Nuts, including peanuts (which technically belong to the legume family), are nutrient-dense, loaded with healthy fats (such as heart-healthy monounsaturated fats), fiber, vitamin, minerals and antioxidants — namely polyphenols and phytosterols.

Observational and intervention studies have shown that nut consumption reduces:

  • Blood lipid concentrations
  • Oxidative stress
  • Inflammation
  • Abdominal/belly fat
  • High blood sugar
  • Insulin resistance

For example, one large meta-analysis of intervention studies showed that folks who consumed a little over ½ cup of nuts per day experienced significant reductions in LDL cholesterol and triglycerides along with an improved LDL to HDL cholesterol ratio.

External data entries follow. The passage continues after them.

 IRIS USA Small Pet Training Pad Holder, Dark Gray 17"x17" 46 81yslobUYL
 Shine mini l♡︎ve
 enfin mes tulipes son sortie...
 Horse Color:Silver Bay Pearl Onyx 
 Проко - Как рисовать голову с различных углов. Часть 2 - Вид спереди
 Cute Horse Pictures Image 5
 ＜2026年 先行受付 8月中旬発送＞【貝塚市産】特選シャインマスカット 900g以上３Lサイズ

What’s more, prospective studies have shown that nut consumption is associated with reduced risk of:

  • Cardiovascular disease
  • Type 2 diabetes
  • Overall mortality

And if you’re worried about calories, here’s some research to ease your mind. Despite being an energy-dense food, nut consumption strongly increases satiety, reduces appetite and decreases caloric intake. Nut consumption is not associated with weight gain; in fact, it’s typically associated with reduced weight and reduced risk of obesity.

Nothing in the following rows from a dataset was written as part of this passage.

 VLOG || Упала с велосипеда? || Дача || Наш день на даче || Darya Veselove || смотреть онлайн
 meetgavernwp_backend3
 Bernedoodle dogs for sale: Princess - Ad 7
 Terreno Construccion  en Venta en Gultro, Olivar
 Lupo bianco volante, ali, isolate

While all nuts are fair game, there are three types — not named walnuts or almonds — that lead the charge:

  • Pecans. While walnuts and almonds tend to get most of the love, pecans rank off-the-charts when it comes to polyphenols, which have powerful antioxidant and anti-inflammatory properties. Pecans also have the highest total flavonoid content among nuts, and like hazelnuts, they are loaded with proanthocyanidins, which are polyphenols such as EGCG (found also in green tea) that is known for supporting a long list of health benefits, including metabolism and weight management. Pecans, surprising to many, rank as the most powerful nut when it comes to antioxidant capacity.
  • Pistachios. If you’ve ever heard of resveratrol, chances are you know it best as coming from red wine. Believe it or not, pistachios are another great source of this powerful anti-aging compound. Pistachios also have the second highest polyphenol content among the nuts, as well as the second highest antioxidant power. Pistachios are also a robust source of phytosterols, which are well known for lowering LDL cholesterol.
  • Hazelnuts. This powerful little nut ranks third among all nuts in antioxidant power and capacity. Hazelnuts trail only pecans, pistachios and almonds when it comes to their content of flavonoids, which are associated with a reduced risk of several chronic diseases thanks to their antioxidant and anti-inflammatory properties.